Friday, February 14, 2020

Bloomberg and Stone and the GOP's "original sin"

I'll vote -- very reluctantly -- for Michael Bloomberg if he secures the nomination. Whatever else one may say about him, he stands a chance of defeating Trump. Bernie Sanders does not.

Imagine the difference between a Bloomberg replacement for Ginsberg versus a Trump replacement for Ginsberg. Need one say more?

I won't vote for Bernie if he is the nominee. Again: He stands no chance of winning in November. Why make myself vomit if no good can come of it?

That said, I don't like Bloomberg and I hope that Dems find some way to block his attempt to buy the nomination. The guy has enough baggage to fill Samsonite's warehouse.

Consider the recent controversy over his 2015 comments about the 2007-08 real estate crash. Bloomberg claimed that the mega-recession was created by Clinton-era laws against redlining. In other words, he sounded a familiar theme: "Blame the blacks."

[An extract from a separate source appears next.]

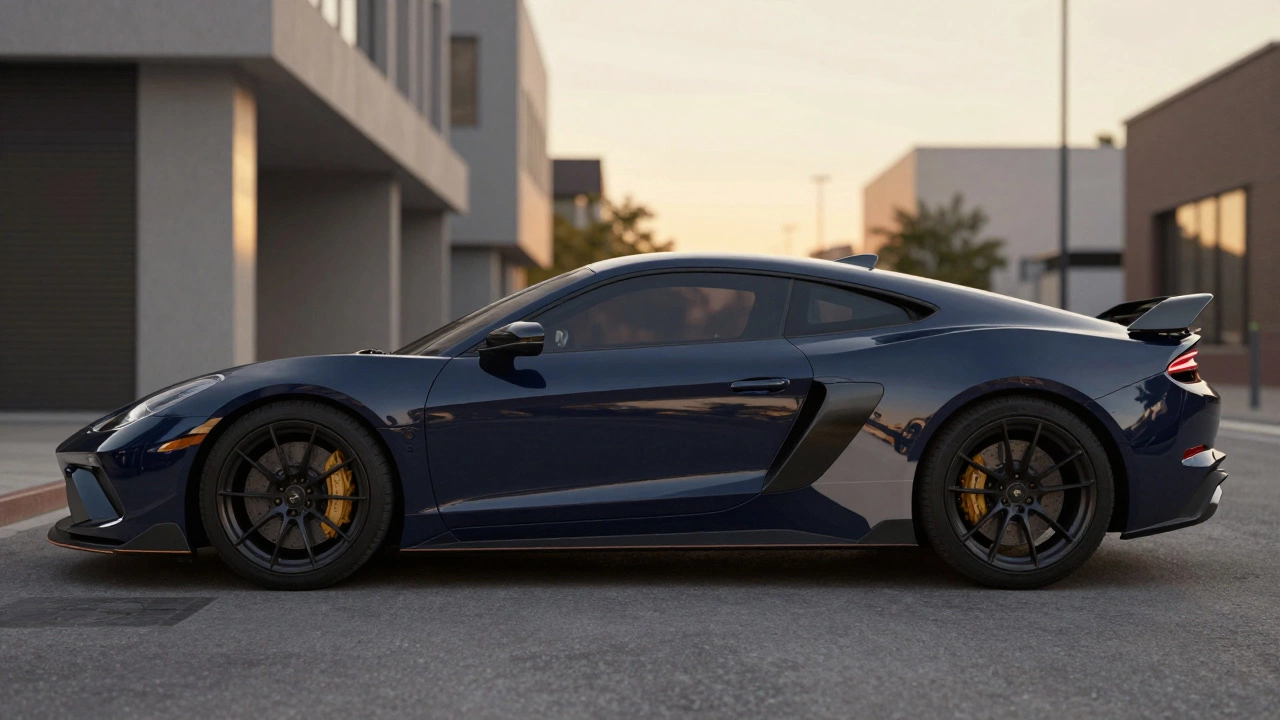 A sports car with a professional full vehicle wrap and racing decals in urban sunlight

This analysis was totally false.

Nothing in those anti-redlining laws sanctioned or encouraged home loans to unqualified applicants. Nothing in those laws forced the banks to give massive loans to anyone (white, black, brown, green) who walked into a bank and said "Gimme." Nothing in those laws encouraged Credit Default Swaps and the mis-labeling of sub-prime mortgages and all of the other eldritch financial chicanery that nearly tanked western civilization.

Bloomberg now claims that he is sorry for what he said in 2015. Well, at least the man knows how to apologize, a concession to civilization which puts him several cuts above Trump. But we have to keep in mind that he made his egregious statement a full seven years after the recession hit, at a time when the sordid truth was no mystery. Many documentaries, books and articles told the whole awful story of the financial crisis.

Bloomberg ignored this mountain of evidence -- ignored the truth. Instead, he promulgated a big, big, big lie -- one of the biggest lies libertarians have ever told.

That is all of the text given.